**WORK TO COMPLETE:**
Output only the lines that run from the line holding "Marks & Spencer" to the end of the data below, including both ends, without any pictures.

**RECORDS:**
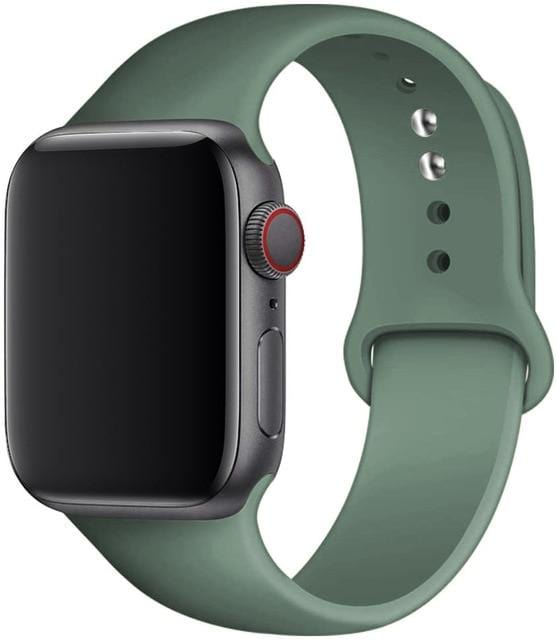 Silicone Strap 1 Apple Watch Bands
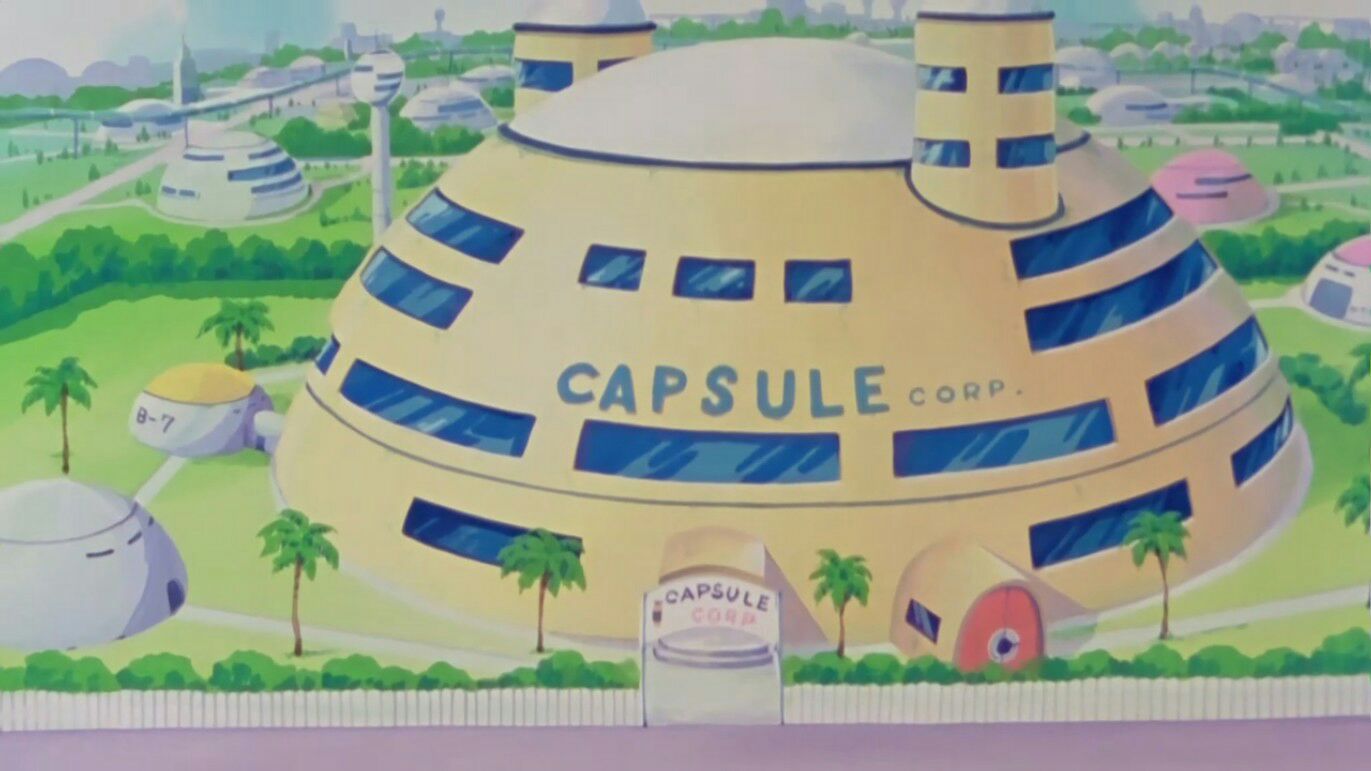 Corporación Cápsula Dragon Ball Wiki Fandom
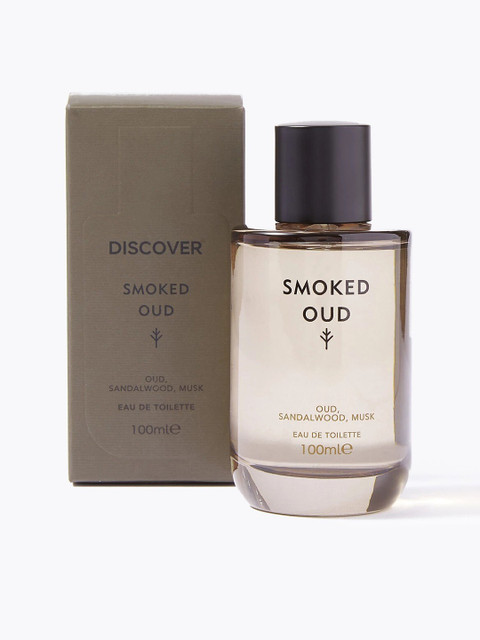 Marks & Spencer Men Discover Smoked Oud Eau De Toilette - 100 ml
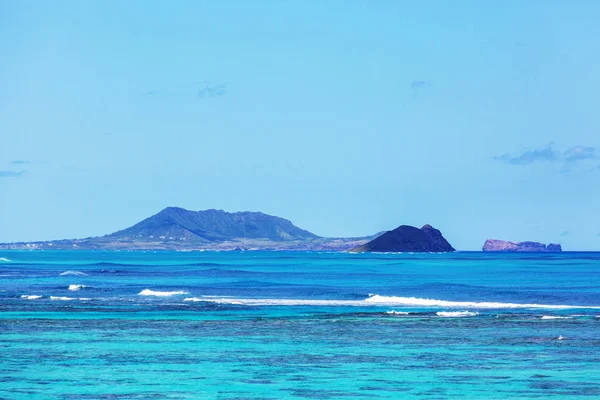 Lindas Paisagens Ilha Oahu Havaí — Fotografia de Stock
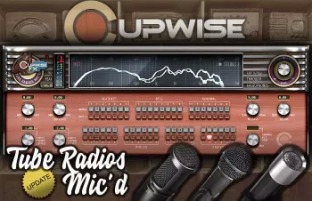 Cupwise Tube Radios Micd Revamped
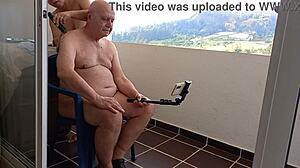 Super Hot Sexy Shave Preview with Agarabas and Olpr Showing Big Cock and Gaping Ass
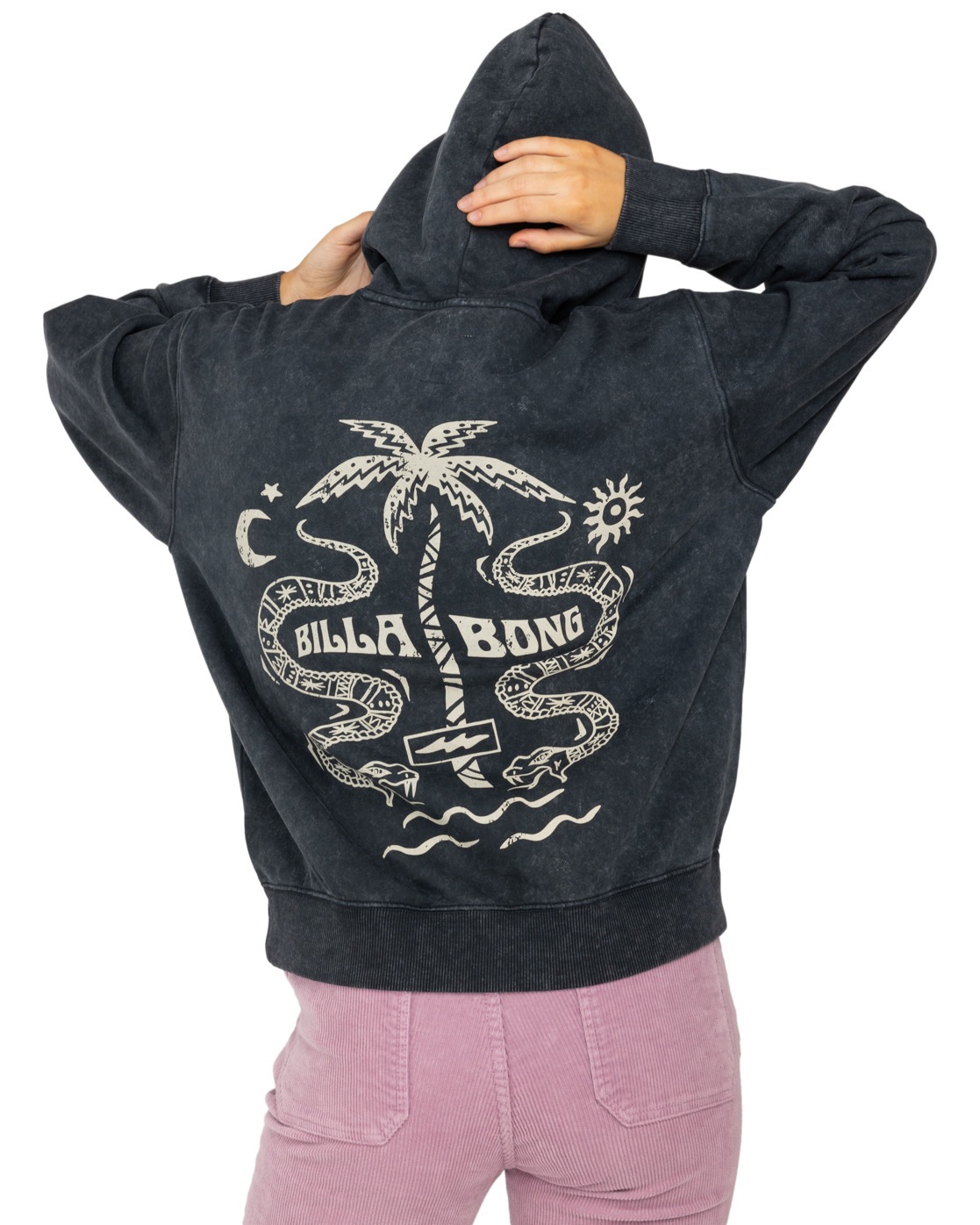 Billabong Hoodie »Snake Mantra«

**RESPONSE:**
 Marks & Spencer Men Discover Smoked Oud Eau De Toilette - 100 ml
 Lindas Paisagens Ilha Oahu Havaí — Fotografia de Stock
 Cupwise Tube Radios Micd Revamped
 Super Hot Sexy Shave Preview with Agarabas and Olpr Showing Big Cock and Gaping Ass
 Billabong Hoodie »Snake Mantra«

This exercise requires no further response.